## WHAT YOU HAVE TO DO
Beginning with the first line below, retype exactly each line through the one containing "Beginner Kids Fishing". Leave out all pictures.

## INPUT DATA
________

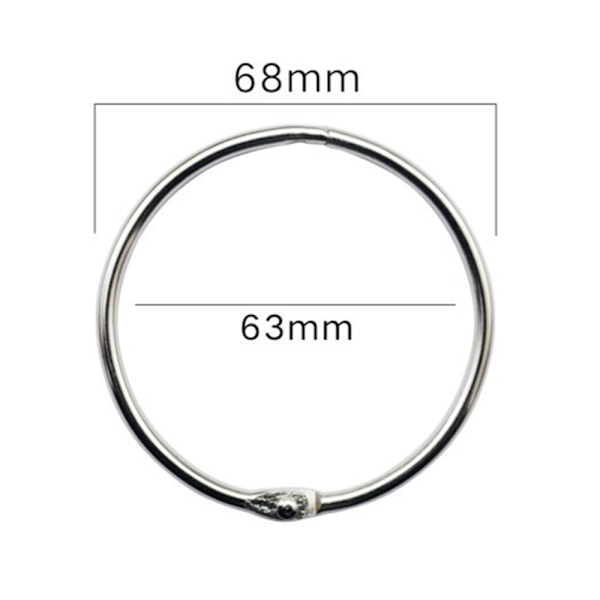 20 Pak Bogbinder Ringe Kontor Metal Løse Blade Ring Nøglering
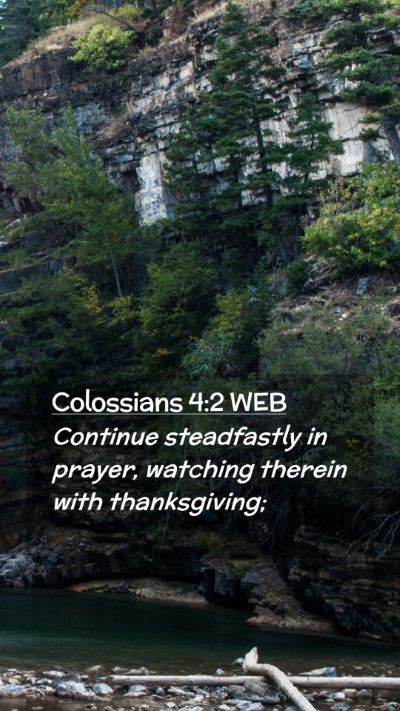 Picture 02 - Colossians 4:2 WEB Mobile Phone Wallpaper - Continue steadfastly in prayer, watching therein - Mobile Bible Verse Wallpaper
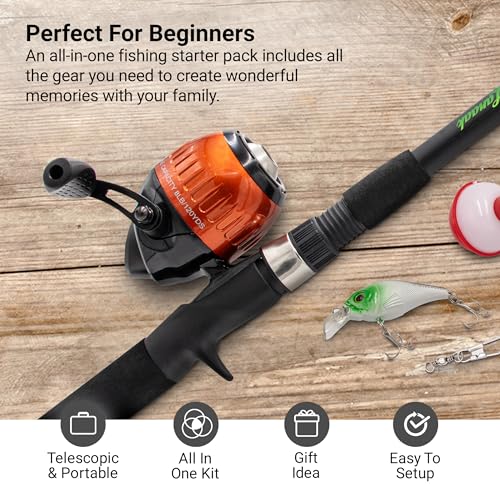 Beginner Kids Fishing Pole & Tackle Box (Black Rod / 1.2m or 3.9FT)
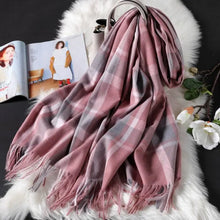 Load image into Gallery viewer, Chic Plaid Long Fringe Shawl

________

## RESPONSE
 20 Pak Bogbinder Ringe Kontor Metal Løse Blade Ring Nøglering
 Picture 02 - Colossians 4:2 WEB Mobile Phone Wallpaper - Continue steadfastly in prayer, watching therein - Mobile Bible Verse Wallpaper
 Beginner Kids Fishing Pole & Tackle Box (Black Rod / 1.2m or 3.9FT)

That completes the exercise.